Material for this task:
========
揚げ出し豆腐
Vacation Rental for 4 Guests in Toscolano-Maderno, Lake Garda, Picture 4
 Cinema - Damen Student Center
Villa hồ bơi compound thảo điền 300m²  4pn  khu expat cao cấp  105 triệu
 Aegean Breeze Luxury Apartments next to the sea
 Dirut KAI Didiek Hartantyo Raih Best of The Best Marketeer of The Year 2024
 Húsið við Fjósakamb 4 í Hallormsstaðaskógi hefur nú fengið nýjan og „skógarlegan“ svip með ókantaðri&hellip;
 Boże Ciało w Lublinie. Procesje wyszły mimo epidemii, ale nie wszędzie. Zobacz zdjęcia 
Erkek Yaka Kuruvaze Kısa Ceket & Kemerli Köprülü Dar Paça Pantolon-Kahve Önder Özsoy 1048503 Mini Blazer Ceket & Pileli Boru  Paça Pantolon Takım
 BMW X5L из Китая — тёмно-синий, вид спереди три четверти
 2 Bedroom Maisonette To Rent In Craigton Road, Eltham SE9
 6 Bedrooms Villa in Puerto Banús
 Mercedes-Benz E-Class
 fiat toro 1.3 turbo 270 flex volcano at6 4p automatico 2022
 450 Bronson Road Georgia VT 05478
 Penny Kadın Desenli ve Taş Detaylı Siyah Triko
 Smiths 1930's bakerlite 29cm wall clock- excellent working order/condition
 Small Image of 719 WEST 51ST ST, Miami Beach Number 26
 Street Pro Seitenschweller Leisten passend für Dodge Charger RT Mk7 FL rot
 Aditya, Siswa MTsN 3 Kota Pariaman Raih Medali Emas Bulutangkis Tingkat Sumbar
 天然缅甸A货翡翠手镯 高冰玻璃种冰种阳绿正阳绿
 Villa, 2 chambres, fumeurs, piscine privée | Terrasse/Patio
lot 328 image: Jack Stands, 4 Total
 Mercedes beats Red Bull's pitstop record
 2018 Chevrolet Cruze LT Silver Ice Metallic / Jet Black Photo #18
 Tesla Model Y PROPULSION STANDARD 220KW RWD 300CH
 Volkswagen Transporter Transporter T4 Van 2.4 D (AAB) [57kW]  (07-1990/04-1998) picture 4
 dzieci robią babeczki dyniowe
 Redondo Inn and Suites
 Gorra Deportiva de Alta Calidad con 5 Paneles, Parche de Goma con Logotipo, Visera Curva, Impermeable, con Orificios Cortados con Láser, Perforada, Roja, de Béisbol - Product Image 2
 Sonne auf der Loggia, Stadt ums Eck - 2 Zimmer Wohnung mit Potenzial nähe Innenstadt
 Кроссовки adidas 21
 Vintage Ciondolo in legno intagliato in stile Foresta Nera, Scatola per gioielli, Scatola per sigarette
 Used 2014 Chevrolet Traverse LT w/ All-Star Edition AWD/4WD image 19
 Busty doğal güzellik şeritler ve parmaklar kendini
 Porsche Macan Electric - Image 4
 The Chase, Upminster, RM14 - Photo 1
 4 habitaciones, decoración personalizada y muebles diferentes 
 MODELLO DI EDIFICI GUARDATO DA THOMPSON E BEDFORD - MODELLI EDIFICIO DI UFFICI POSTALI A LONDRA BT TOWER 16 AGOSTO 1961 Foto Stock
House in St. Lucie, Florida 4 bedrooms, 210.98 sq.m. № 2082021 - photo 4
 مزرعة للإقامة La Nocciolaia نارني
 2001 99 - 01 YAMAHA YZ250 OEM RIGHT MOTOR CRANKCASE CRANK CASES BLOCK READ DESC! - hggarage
========
What you need to do:
Above are the records; repeat exactly the lines from the one holding "450 Bronson Road Georgia VT 05478" down to the one holding "lot 328 image: Jack Stands, 4 Total", end lines included.

Your response:
 450 Bronson Road Georgia VT 05478
 Penny Kadın Desenli ve Taş Detaylı Siyah Triko
 Smiths 1930's bakerlite 29cm wall clock- excellent working order/condition
 Small Image of 719 WEST 51ST ST, Miami Beach Number 26
 Street Pro Seitenschweller Leisten passend für Dodge Charger RT Mk7 FL rot
 Aditya, Siswa MTsN 3 Kota Pariaman Raih Medali Emas Bulutangkis Tingkat Sumbar
 天然缅甸A货翡翠手镯 高冰玻璃种冰种阳绿正阳绿
 Villa, 2 chambres, fumeurs, piscine privée | Terrasse/Patio
lot 328 image: Jack Stands, 4 Total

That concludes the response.